Mereka yang biasa tinggal di kawasan perkotaan akan menginap dan mengikuti aktivitas keseharian masyarakat yang rata-rata bekerja sebagai penyadap karet, mencari rumput maupun berkebun kopi. Lokasi Kampung Papring, sendiri berada di perbatasan hutan Perhutani KPH Banyuwangi Utara.
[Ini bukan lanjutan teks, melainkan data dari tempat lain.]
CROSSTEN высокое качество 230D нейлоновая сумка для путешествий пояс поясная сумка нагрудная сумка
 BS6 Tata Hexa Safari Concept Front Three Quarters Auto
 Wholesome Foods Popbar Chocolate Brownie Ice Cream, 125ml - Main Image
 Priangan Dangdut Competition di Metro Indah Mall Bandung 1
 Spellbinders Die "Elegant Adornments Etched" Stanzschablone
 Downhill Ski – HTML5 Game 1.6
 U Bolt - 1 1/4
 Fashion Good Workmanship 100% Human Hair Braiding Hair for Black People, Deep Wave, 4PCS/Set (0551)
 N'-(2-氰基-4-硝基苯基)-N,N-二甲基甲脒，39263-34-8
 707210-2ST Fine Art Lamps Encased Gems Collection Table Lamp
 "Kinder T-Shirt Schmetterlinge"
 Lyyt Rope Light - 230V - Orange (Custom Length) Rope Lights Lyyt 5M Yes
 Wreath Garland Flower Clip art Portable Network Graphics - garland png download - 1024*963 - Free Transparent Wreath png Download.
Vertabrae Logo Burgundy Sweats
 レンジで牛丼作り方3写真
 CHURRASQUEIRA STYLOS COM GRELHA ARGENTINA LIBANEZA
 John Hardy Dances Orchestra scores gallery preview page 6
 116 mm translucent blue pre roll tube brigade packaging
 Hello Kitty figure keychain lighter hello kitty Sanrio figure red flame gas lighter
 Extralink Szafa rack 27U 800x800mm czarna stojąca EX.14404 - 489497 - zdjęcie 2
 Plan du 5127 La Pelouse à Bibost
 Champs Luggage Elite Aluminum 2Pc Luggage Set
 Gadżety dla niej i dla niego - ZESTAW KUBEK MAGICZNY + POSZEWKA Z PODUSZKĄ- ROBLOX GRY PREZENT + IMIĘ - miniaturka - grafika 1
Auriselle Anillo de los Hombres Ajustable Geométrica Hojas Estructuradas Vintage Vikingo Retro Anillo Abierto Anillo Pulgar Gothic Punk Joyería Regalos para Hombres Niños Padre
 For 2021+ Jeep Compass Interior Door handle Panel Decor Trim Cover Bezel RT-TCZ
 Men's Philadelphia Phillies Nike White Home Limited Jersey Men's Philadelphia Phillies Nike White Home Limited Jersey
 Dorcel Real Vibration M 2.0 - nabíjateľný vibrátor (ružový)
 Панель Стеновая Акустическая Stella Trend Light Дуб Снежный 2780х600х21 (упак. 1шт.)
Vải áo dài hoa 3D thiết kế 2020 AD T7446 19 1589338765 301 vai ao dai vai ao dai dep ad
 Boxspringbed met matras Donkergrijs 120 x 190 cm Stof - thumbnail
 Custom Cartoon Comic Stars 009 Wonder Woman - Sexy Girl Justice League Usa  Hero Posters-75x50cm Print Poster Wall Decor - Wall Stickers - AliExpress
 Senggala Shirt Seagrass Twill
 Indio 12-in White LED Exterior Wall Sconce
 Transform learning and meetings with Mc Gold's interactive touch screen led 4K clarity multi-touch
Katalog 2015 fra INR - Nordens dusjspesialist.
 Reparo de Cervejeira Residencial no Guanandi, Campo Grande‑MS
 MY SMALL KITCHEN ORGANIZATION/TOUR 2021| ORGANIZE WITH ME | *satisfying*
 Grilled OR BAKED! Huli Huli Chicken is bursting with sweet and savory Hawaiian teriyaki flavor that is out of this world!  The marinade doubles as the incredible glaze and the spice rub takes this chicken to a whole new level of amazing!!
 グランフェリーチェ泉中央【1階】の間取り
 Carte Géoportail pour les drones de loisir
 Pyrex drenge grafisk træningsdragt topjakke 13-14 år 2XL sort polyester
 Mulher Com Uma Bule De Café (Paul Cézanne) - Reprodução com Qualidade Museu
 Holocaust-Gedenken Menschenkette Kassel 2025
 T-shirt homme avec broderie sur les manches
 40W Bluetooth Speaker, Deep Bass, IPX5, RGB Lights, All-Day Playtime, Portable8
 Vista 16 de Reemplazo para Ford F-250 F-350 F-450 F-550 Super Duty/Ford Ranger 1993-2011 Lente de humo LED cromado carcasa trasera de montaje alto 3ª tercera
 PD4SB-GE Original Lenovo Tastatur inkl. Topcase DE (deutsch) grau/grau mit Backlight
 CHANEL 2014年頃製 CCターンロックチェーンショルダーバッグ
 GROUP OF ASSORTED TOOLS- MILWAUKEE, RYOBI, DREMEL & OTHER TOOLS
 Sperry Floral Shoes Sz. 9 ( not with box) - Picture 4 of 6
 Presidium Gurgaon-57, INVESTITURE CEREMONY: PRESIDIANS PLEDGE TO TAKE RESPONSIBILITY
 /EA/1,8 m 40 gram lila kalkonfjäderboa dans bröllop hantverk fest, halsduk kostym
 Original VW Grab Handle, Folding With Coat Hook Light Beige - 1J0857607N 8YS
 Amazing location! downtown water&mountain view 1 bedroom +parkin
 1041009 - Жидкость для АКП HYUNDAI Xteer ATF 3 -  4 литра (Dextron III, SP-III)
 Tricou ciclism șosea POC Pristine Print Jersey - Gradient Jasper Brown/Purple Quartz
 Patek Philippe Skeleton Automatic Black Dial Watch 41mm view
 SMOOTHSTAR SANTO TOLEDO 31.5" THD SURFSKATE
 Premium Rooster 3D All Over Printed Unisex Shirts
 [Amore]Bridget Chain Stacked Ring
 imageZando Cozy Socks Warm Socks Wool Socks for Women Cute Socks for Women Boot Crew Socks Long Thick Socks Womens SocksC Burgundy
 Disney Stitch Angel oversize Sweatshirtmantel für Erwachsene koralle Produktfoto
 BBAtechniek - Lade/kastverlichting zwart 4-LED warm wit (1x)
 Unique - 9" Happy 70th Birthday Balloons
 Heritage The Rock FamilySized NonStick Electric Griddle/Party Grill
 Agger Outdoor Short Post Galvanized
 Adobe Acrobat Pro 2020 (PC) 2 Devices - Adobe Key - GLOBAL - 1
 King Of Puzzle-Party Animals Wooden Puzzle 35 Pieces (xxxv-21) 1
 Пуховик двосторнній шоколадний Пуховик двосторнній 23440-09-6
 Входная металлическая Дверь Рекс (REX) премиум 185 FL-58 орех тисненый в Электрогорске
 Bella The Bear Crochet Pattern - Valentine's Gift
1. Menempuh perjalanan di pelosok kampung
Pagi tepat pukul (7/3), ratusan siswa didampingi wali murid, masing-masing tampak menyiapkan keberangkatan dari SMPN 1 menuju Kampung Papring. Masing-masing siswa tampak mengenakan pakaian adat lokal Suku Using dengan setelan kemeja warna hitam, lengkap dengan udeng di kepala. Berbagai perlengkapan menginap sudah tertata rapi dengan tas maupun koper. Perjalanan menuju Kampung Papring ditempuh dengan menyewa puluhan kendaraan mobil angkutan kota.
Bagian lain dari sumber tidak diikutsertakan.